In the process of cleaning up after some anon edits, I reworked the hiragana entry at うまい (umai) to show an example of what it might look like if we were to use the kana entries to store the main content, rather than the current practice of using kana entries only as soft redirects to the kanji spellings. The うまい (umai) entry is a bit of a simpler example, as this term only has one etymology. I think it can still help to illustrate how we might lay things out, and how we might show how different kanji spellings are applied to different senses of the same lemma.

For those interested in Japanese entries here, please read the linked thread above, have a look at the うまい (umai) entry, compare to 上手い (umai) and 旨い (umai) as (currently less comprehensive) examples of the conventional kanji-focused format, and discuss here as appropriate.

TIA, ‑‑ Eiríkr Útlendi │Tala við mig 21:21, 1 March 2018 (UTC)

Symbol support vote.svg Support. I think this is a step long overdue, but it also means there will be a lot of work... Suggestions: the kanji forms on def lines need to be made more conspicuous, cf. the 【】 notation in JA dictionaries. Maybe an additional template is indicated.

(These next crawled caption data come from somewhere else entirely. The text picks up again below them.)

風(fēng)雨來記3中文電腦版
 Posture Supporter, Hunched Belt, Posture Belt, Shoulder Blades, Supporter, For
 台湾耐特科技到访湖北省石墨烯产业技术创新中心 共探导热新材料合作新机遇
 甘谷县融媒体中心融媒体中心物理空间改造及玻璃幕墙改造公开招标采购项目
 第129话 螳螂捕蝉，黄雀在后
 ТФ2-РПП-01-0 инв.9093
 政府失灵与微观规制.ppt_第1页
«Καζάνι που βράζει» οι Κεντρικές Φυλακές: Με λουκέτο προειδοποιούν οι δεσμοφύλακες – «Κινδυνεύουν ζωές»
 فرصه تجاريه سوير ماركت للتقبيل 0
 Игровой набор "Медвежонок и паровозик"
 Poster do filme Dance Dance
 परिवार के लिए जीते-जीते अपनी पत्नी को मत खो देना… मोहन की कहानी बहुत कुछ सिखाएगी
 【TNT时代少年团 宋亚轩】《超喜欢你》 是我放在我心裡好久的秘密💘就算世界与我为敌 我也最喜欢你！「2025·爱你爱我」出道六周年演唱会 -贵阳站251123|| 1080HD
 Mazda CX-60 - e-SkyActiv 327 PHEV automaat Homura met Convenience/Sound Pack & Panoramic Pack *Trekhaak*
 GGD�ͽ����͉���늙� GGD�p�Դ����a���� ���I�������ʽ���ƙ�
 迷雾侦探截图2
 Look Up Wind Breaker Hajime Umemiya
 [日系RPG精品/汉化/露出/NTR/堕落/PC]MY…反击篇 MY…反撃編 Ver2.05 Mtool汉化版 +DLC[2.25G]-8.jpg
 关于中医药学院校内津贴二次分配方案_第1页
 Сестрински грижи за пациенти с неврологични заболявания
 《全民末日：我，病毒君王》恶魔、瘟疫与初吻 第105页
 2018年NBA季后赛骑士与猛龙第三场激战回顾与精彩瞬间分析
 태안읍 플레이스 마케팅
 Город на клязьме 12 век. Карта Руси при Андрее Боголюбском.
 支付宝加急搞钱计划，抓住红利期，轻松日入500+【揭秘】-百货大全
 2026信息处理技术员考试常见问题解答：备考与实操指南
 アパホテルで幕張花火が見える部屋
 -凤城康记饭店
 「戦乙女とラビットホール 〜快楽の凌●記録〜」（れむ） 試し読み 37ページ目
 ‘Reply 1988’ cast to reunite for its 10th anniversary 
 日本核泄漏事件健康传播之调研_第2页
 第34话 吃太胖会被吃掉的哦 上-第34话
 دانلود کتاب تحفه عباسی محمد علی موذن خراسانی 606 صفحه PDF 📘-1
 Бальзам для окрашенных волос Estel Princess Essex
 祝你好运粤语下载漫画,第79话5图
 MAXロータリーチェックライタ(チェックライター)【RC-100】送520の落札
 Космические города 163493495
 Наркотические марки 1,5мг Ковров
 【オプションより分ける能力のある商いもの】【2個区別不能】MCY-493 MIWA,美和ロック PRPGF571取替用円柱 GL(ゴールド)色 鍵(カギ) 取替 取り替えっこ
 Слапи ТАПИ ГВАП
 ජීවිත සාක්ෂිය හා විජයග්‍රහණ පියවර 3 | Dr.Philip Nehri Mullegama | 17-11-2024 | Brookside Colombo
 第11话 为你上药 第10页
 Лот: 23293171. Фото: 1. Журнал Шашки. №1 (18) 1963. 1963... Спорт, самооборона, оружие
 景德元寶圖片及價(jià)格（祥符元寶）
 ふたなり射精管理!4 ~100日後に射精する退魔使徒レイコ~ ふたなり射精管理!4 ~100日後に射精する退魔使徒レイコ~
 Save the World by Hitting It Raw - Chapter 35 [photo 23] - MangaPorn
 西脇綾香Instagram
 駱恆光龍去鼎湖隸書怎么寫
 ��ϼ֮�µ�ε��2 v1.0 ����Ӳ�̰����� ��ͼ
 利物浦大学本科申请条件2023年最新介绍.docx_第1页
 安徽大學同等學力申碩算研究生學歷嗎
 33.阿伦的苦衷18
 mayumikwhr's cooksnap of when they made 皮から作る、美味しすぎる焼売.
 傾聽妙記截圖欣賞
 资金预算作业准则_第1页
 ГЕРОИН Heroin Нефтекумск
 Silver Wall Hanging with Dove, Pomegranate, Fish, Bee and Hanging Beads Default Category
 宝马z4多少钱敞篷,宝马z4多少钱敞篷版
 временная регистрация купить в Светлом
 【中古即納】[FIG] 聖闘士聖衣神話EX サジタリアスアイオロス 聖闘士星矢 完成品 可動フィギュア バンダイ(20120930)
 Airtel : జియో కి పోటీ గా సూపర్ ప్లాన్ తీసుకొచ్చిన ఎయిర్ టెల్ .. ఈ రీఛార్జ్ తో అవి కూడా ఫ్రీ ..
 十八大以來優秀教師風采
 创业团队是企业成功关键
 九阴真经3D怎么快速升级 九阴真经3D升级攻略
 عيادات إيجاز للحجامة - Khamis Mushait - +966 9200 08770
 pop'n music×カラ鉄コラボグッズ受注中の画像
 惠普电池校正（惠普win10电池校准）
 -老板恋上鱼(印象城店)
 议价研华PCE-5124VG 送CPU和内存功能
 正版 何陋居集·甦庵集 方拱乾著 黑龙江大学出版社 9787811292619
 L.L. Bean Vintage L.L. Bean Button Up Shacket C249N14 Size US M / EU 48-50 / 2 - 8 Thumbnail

Also I think the kanji forms can take even less information, provided we incorporate content into the kana entries, including the conj table, which can be extended to display multiple kanji forms in one cell. Wyang (talk) 22:01, 1 March 2018 (UTC)
I should have included this earlier -- @Wyang, please have a look at 巧い (umai) as an example of a kanji spelling entry as a soft-redirect to the fuller kana entry.
I agree that some formatting, and probably different (new?) templates, may well be called for. ‑‑ Eiríkr Útlendi │Tala við mig 00:12, 2 March 2018 (UTC)
I'd like to see more complex examples, and what sort of templates could improve them. As Wyang says, this is going to be a very big job — Chinese unification was also a big job, so I know it can be done, but more planning is necessary first. —Μετάknowledgediscuss/deeds 02:59, 2 March 2018 (UTC)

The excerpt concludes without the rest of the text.